It is common to hear about Look-Alike but it is uncommon to hear about Voice-Alike.
In January 2014, I heard my MSc programme coordinator Mrs. Frances MacInnes speak during induction classes. A month later, in February 2014, when I first heard Mrs. Lesley Ann MacRae, a psychologist, speak about psychosocial factors in Diabetes, I immediately felt I had heard a voice similar to Lesley before and in a flash I realised it was none other than that of Frances MacInnes which I confirmed the same day by listening to the earlier voice recordings of Frances in my iPhone voice Memos. This is what I call voice similarity that I observed in my Trimester B among my tutors.

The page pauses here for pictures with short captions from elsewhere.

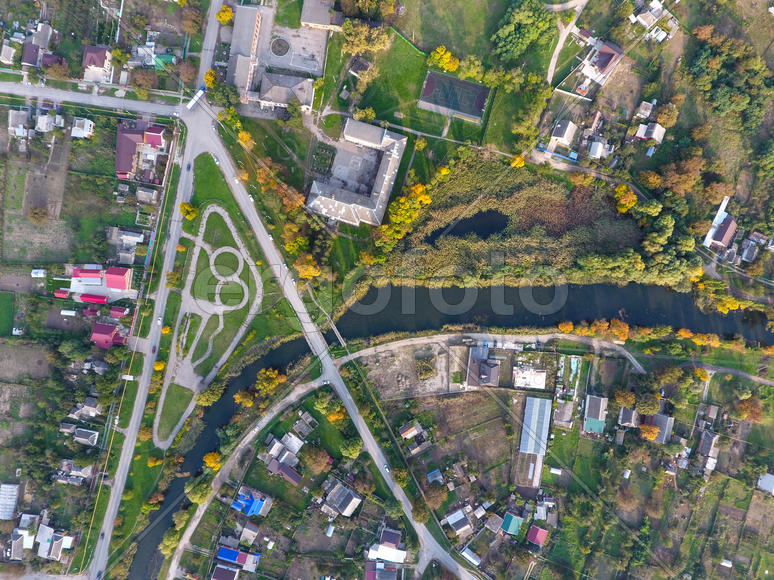 Вид сверху на маленькую деревню. Аэросъемка 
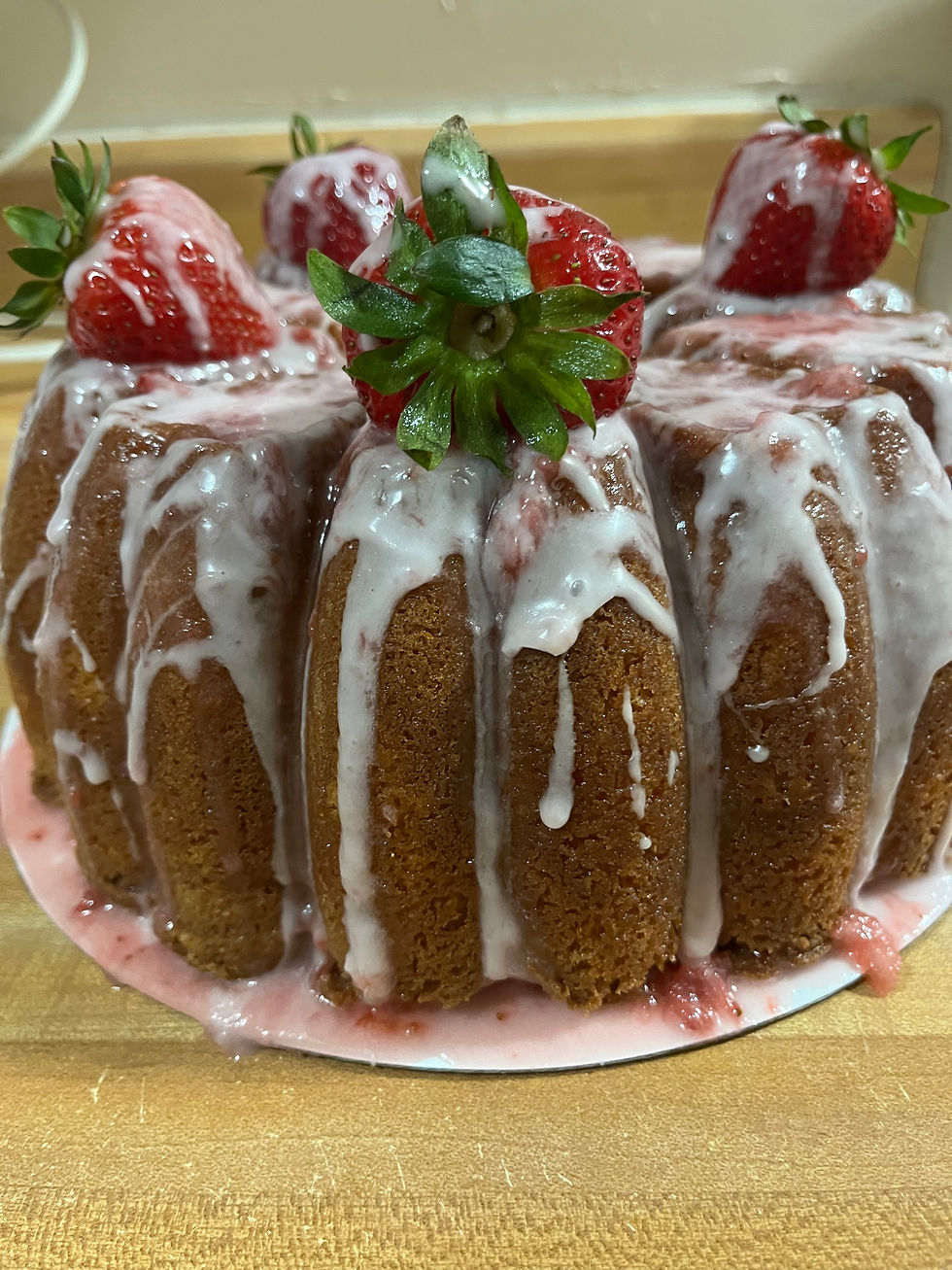 Thumbnail: Strawberry Pound Cake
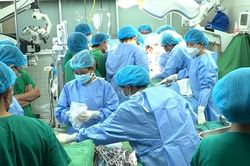 Bệnh viện than thiếu máy móc, thuốc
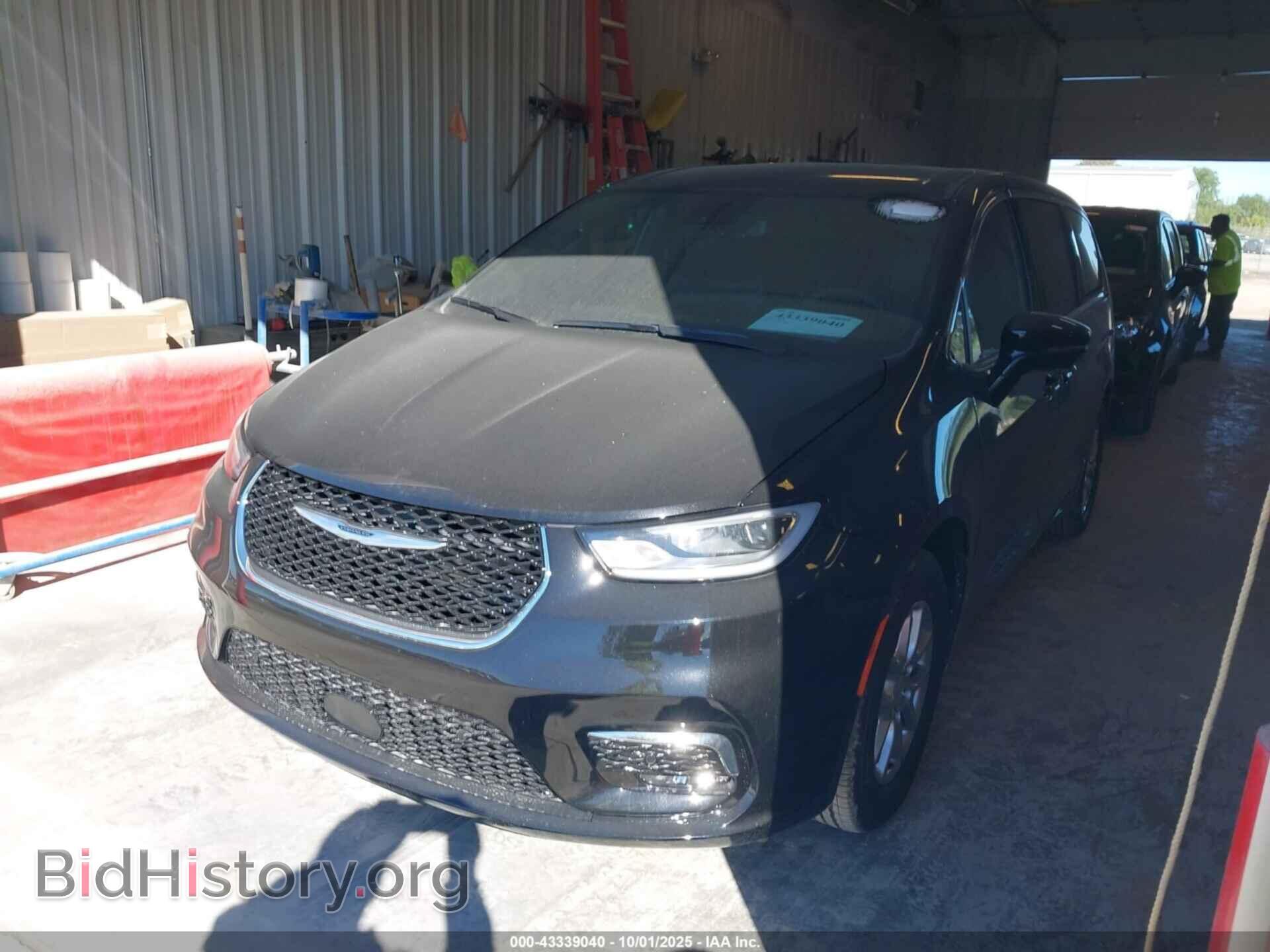 2026 CHRYSLER PACIFICA - VIN: 2C4RC1BGXTR173419 - Photo 3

Let me now tell you about the striking voice similarity that my brain’s auditory recognition software alerted me to, in November 2014, wherein within seconds of listening to the lecture of our senior GCU Librarian, Mrs. Heather Marshall, it struck me that her voice attributes were without an iota of doubt, strikingly similar to that of Mrs. Sue Lang, a microbiologist who was one of my module leaders in Trimester B.
Hence, I conclude from my above qualitative voice analysis study, that Voice-alike are not uncommon even within GCU and particularly within its School of Health and Life sciences.
My Harvard style Reference:
Hari, V., 2014. Are Voice-alike as common as Look-alike?. A qualitative voice transcripts’ analysis of Frances MacInnes, Lesley Ann MacRae AND Heather Marshall, Sue Lang [iPhone 4S voice memos]: School of Health and Life Sciences, Glasgow Caledonian University: Glasgow.